EXERCISE: Repeat the data that follows exactly, starting at the line with "Soft Case Suitable" and ending at the line with "Uudet kirjat kerholehti 2/86-9/86", and leave out every picture.

EXERCISE MATERIAL:
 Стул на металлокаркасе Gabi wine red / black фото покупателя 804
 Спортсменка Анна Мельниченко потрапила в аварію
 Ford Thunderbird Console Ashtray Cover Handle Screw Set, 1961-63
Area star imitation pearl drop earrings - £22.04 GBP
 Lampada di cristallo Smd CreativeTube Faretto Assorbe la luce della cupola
...
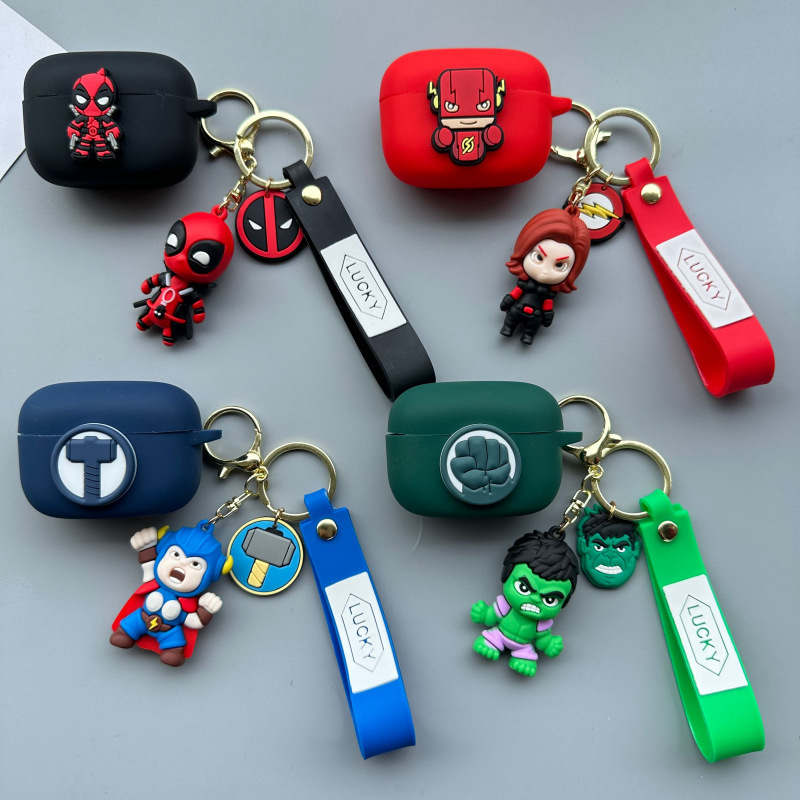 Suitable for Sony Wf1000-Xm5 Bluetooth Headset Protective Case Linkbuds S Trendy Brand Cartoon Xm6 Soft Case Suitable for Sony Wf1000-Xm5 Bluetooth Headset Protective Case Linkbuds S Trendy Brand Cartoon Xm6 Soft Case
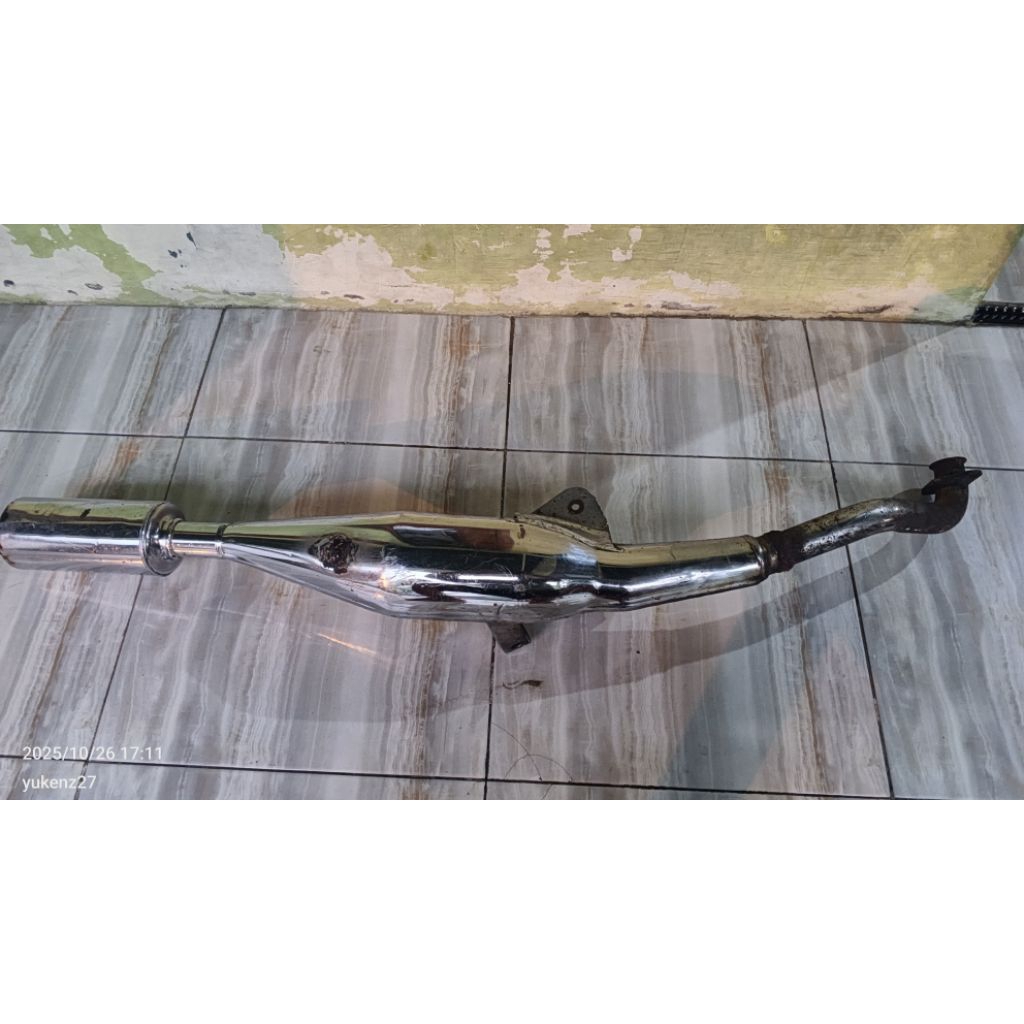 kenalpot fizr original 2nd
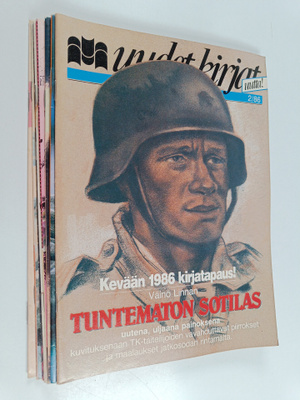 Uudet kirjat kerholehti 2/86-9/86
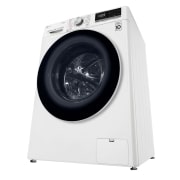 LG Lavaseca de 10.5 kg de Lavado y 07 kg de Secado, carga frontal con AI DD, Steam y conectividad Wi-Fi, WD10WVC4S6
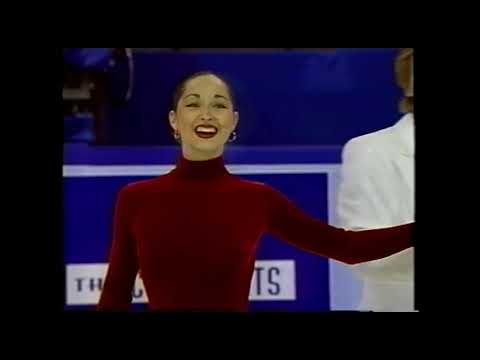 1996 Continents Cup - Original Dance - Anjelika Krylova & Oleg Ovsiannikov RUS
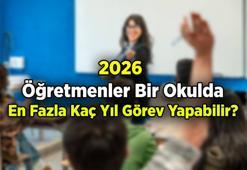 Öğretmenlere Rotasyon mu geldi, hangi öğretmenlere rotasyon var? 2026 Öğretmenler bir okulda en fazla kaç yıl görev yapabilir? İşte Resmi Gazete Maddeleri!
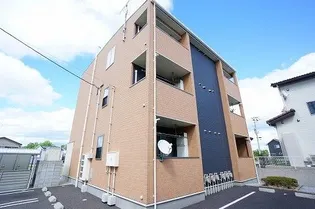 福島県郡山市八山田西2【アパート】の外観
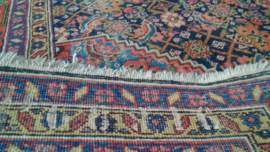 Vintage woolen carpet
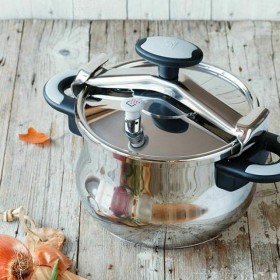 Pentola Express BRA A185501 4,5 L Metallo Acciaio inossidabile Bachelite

TASK RESPONSE:
 Suitable for Sony Wf1000-Xm5 Bluetooth Headset Protective Case Linkbuds S Trendy Brand Cartoon Xm6 Soft Case Suitable for Sony Wf1000-Xm5 Bluetooth Headset Protective Case Linkbuds S Trendy Brand Cartoon Xm6 Soft Case
 kenalpot fizr original 2nd
 Uudet kirjat kerholehti 2/86-9/86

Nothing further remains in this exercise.